Cost-effectiveness proves tricky in cancer care

A self-examination of how Intermountain Health Care provides oncology services concludes that cost and effectiveness are not inextricably linked, reported The Salt Lake City Tribune.

Researchers and providers at Utah's predominant health system discovered that spending more money on some services improved overall outcomes than focusing strictly on expenditures alone. One such example was the use of pricier positron emission tomography (PET) scans over cheaper computerized tomography (CT) scans, because they are far more accurate.
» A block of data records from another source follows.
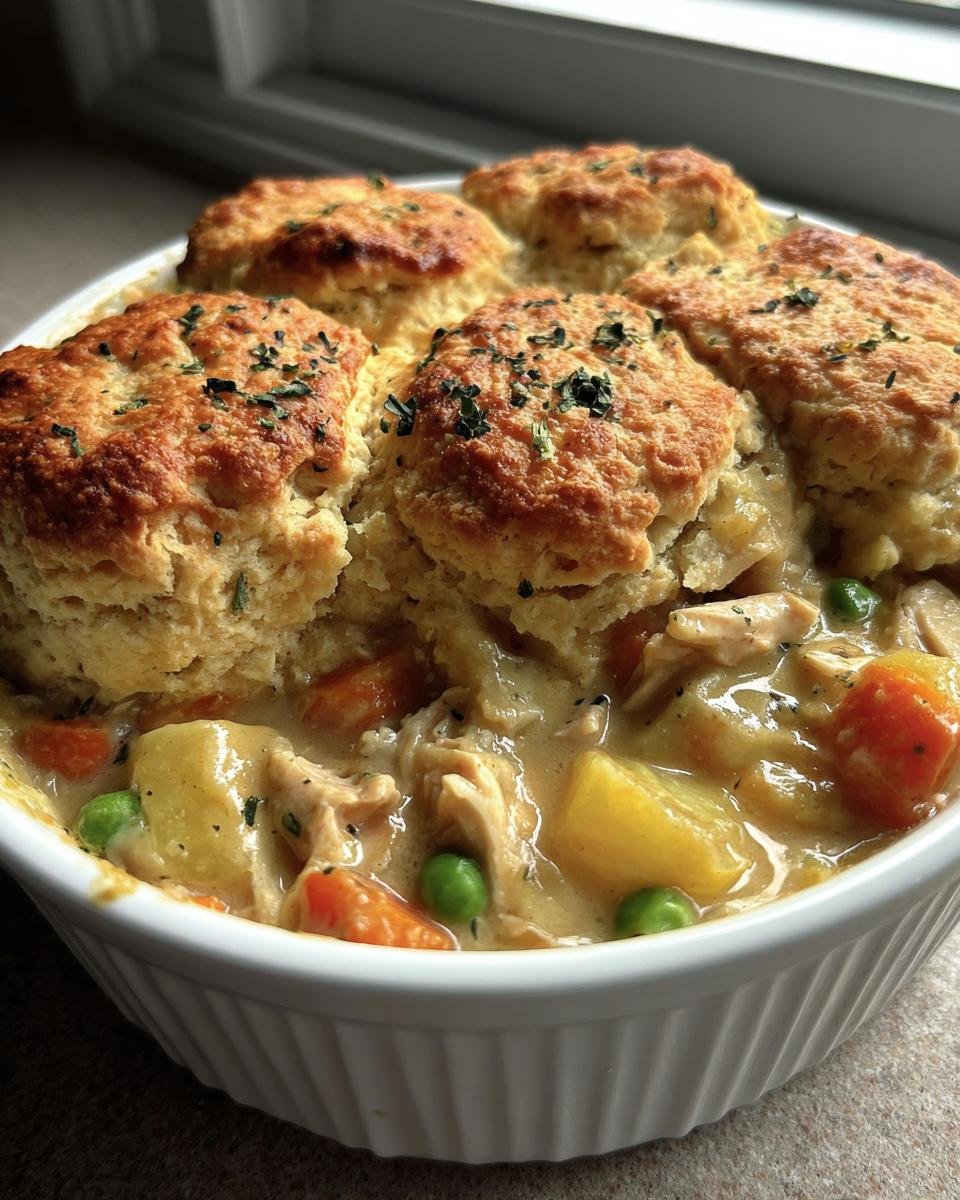 Amazing Gluten-Free Turkey Pot Pie with Fluffy Biscuit Topping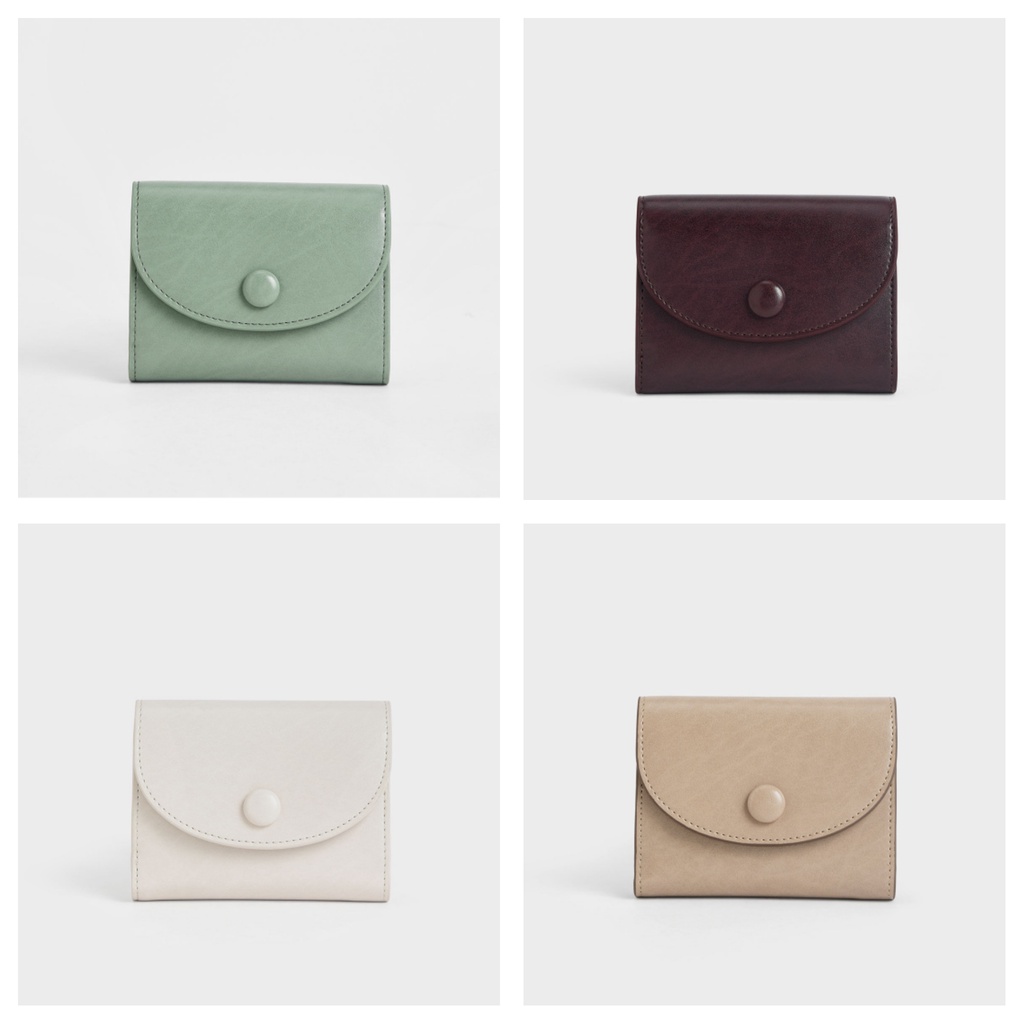 Ví ngắn nữ C&K nắp gài tiều thư màu beige |Ảnh thật - Auth - Sing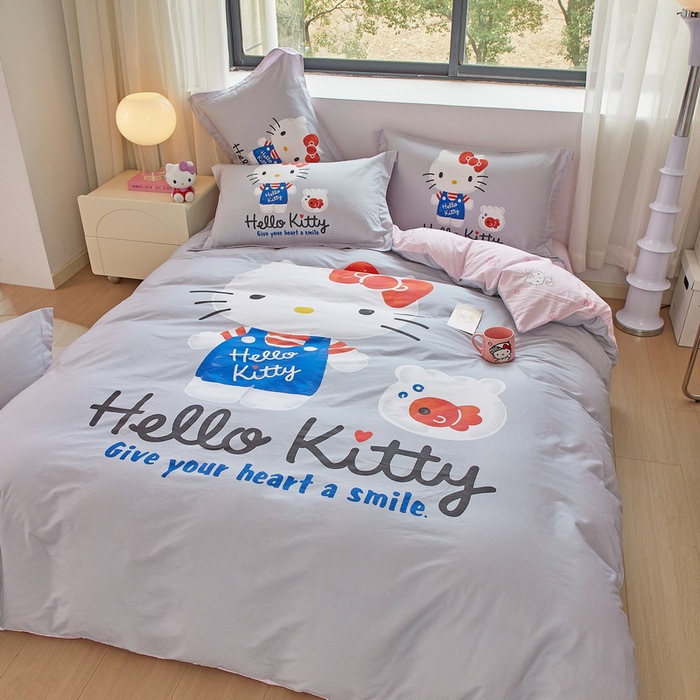 91家纺网 家纺一手货源 找家纺 蘭菲家纺 2026新款全棉三丽欧印花卡通四件套 可爱KT灰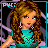 Pixel art of a female character in teal top and white skirt with long brown hair, showing full body, torso, legs, head close-up, and text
"Sometimes it's more important to do one expensive test first than to build up four or five cheaper tests," John C. Ruckdeschel, the medical director of Intermountain's oncology clinical program, told the Tribune. As a result, "there is no reason why one hospital should be doing PET scans 80 percent of the time and another hospital doing it 30 percent of the time," he noted.

At the same time, providers are under pressure to control the costs of oncology care, which are predicted to double in many states by the end of the decade, according to a study last September in The American Journal of Managed Care.

And while the industry aims to strike a balance between finding effective cancer treatments and not bankrupting patients or providers, an April Health Affairs study found that higher cancer spending was linked to longer life.

Intermountain uses tumor boards to discuss each cancer case and how to construct a course of treatment before moving forward as a way to ensure oncology care is effective both in terms of costs and outcomes, according to the Tribune.